**WORK INSTRUCTION**.
Would you please return the lines of the entries below starting at the line that has "So onto the" and ending at the line that has "Our new general", both included, exactly as they are?
== == ==
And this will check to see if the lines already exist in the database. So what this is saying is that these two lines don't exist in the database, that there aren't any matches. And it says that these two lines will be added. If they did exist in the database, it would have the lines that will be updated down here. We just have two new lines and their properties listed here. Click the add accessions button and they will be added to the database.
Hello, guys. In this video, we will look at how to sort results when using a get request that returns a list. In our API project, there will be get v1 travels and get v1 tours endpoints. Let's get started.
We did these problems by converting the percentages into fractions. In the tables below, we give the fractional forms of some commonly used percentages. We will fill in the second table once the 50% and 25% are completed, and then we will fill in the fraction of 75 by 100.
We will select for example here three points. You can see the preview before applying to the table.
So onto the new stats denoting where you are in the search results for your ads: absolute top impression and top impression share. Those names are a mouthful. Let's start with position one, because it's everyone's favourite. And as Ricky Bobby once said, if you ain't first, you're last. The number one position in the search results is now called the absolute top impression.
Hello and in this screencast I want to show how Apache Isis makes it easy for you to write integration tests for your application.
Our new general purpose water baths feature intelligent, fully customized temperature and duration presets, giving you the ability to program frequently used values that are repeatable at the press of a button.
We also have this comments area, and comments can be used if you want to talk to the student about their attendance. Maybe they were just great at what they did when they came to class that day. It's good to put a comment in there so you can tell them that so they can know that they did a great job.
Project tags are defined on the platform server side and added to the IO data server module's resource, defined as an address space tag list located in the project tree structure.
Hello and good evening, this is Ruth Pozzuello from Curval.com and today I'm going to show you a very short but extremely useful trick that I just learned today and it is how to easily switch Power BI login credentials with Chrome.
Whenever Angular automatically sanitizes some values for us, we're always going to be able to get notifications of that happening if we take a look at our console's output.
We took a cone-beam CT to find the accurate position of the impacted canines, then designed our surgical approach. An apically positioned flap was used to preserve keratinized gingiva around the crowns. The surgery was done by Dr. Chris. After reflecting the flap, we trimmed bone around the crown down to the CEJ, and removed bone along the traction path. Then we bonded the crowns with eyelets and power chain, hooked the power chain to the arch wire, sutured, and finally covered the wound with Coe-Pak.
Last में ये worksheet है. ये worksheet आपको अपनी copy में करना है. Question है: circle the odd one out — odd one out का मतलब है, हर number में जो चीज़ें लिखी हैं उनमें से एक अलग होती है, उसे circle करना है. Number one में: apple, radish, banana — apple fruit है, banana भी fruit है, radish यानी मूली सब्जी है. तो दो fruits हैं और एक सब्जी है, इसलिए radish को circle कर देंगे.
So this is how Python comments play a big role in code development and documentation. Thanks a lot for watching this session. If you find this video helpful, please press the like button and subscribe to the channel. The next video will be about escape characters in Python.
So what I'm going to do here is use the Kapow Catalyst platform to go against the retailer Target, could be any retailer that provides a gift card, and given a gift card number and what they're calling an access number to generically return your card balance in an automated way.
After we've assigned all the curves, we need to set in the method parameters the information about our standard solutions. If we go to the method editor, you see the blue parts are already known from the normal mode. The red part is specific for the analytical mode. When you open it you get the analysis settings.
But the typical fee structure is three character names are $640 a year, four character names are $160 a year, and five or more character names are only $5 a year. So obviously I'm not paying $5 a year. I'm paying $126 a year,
== == ==
**RESPONSE TO THE TASK**.
So onto the new stats denoting where you are in the search results for your ads: absolute top impression and top impression share. Those names are a mouthful. Let's start with position one, because it's everyone's favourite. And as Ricky Bobby once said, if you ain't first, you're last. The number one position in the search results is now called the absolute top impression.
Hello and in this screencast I want to show how Apache Isis makes it easy for you to write integration tests for your application.
Our new general purpose water baths feature intelligent, fully customized temperature and duration presets, giving you the ability to program frequently used values that are repeatable at the press of a button.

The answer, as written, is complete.